Vayamos por último al caso del islamismo. Alá, un antigua “númina” lunar, llegó a ser ahora una difuminación exacerbada del Yahvé judío. Dejando de lado la fe, y desde el punto de vista de una interpretación política, la figura profética de Mahoma y su discurso indudablemente sirvieron en ese momento para evitar la dispersión del pueblo árabe al crear un califato. Es evidente que Mahoma supo leer las ventajas que se desprendían del monoteísmo: les sirvió tanto a las comunidades judías para sostener sus tradiciones identitarias a pesar de la diáspora como a los emperadores romanos para cementar su vasto territorio. Igualmente fue utilizado por el rey persa Sapur II, contemporáneo al surgimiento del Islam, quien revivió la figura del legendario Zarathustra y su culto a un solo Dios Ahura Mazda (Señor Mazda) para el acopio de un dominio centralizado.
No hay duda de que la implantación de una sola figura es algo “demasiado humano” y no proviene de una manifestación hierofánica (aun cuando sus mitos etiológicos así lo intenten mostrar). El hombre no es reductivo por naturaleza, ya que su experiencia con respecto al contacto con la naturaleza es sumamente diversa. En conclusión, el monoteísmo no se impone por medio de una “revelación” metafísica sino por una “revolución” política, de manera abrupta por las fuerzas de turno para dar legitimidad a sus formas de gobiernos autocráticos.

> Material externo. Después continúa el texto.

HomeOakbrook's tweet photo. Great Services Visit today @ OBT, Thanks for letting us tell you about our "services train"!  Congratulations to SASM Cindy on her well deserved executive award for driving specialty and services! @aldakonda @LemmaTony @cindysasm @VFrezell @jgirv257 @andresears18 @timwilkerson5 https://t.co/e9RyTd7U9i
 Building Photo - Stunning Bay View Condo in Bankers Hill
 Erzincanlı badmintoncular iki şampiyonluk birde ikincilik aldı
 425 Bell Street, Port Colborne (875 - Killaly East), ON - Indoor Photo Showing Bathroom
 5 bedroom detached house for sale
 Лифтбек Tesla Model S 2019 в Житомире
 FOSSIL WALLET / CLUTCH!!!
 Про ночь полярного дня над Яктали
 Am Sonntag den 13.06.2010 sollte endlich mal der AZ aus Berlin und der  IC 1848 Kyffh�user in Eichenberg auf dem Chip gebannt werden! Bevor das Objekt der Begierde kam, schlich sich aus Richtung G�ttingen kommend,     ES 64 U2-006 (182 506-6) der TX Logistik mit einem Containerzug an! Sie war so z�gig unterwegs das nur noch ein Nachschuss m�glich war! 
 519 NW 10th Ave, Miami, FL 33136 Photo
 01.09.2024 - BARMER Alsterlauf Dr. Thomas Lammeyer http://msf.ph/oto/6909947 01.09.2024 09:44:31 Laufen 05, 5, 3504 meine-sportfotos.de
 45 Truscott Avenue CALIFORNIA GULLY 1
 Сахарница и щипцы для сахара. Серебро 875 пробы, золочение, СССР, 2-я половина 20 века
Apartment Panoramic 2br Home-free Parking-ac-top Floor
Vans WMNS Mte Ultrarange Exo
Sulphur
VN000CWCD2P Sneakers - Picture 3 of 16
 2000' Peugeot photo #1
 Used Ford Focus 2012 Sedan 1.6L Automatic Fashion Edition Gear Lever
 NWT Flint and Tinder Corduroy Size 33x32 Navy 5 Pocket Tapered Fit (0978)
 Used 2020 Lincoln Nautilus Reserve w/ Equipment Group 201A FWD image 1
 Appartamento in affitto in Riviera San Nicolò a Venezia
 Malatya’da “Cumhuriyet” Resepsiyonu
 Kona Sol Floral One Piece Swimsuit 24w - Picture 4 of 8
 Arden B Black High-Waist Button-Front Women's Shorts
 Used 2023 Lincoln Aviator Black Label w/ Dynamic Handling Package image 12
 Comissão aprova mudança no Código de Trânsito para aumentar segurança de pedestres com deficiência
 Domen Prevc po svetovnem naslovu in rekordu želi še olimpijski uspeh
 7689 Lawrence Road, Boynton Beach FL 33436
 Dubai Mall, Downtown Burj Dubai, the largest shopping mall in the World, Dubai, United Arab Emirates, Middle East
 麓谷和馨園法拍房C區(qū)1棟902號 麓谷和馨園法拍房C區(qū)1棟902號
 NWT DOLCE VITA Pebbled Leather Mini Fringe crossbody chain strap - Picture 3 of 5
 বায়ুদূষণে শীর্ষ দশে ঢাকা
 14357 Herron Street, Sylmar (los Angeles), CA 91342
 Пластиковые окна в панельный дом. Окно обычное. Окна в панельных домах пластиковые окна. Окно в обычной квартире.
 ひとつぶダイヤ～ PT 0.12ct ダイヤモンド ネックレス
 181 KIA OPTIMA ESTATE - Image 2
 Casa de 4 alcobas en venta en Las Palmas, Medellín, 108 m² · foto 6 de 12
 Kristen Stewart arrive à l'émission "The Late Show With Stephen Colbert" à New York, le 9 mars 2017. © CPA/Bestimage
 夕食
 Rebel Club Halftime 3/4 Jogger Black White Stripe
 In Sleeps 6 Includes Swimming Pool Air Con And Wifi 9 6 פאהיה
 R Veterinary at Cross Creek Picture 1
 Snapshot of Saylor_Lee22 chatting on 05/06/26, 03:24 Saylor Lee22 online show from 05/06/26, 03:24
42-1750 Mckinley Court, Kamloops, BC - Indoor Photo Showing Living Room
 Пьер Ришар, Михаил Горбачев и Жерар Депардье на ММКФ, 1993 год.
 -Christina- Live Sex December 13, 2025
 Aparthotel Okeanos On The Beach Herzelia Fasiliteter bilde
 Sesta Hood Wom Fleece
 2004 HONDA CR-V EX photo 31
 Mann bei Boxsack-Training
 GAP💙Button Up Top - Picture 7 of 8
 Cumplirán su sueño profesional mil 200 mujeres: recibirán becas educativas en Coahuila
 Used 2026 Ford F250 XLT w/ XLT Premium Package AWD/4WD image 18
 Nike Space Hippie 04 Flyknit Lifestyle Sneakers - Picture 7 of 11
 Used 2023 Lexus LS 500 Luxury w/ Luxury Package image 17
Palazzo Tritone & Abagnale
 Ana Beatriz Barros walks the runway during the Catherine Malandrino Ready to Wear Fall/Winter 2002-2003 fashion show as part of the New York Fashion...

El poder siempre encuentra alguna forma de legitimación en las estructuras religiosas: desde las teocracias y las monarquías ilustradas hasta las dictaduras contemporáneas. Jean-Paul Sartre en su inmensa obra “Crítica de la razón dialéctica” lo pensó como si la historia tendiera a su totalización, en tanto observemos el avance de la civilización que mutó desde el esclavismo al feudalismo y, de este, al sistema capitalista. En este punto de vista el capitalismo, tal como lo describió Walter Benjamin, es un tipo de religión que sostiene el absoluto de la apropiación y del consumo, produciendo clases, es decir, los económicamente salvados en oposición a los condenados a la pobreza, cuya única deidad es el dinero.
La religión siempre fue utilizada por el poder para eternizarse y para eliminar las disputas a través de la hegemonía de lo sagrado. Esto, desde ya, no quita que el hombre sea un ser espiritual. Debemos entender pues que su expresión cultual, dada en el armado de su lenguaje teológico, es parte fundamental de su esencia proyectado en su entramado social a pesar de que esté corrompido por las pasiones profanas.
Los dioses, más allá de que existan en otros mundos, aquí parecen ser creaciones terrenas empleados por las personas para saciar su sed de poder. Estos crean a sus ídolos “a su imagen y a su semejanza” tal como los reyes son espejos de sus súbditos. Jenófanes bien dijo que si los caballos adoraran a seres superiores estos tendrían cabeza de caballo.
Conscientes de esto, digamos lo que digamos, aún en la era de la ciencia y la técnica, los monoteísmos seguirán teniendo una importancia geopolítica indiscutible proponiendo a sus divinidades como símbolos insoslayables de soberanía y, por qué no, como un recurso último de sentido.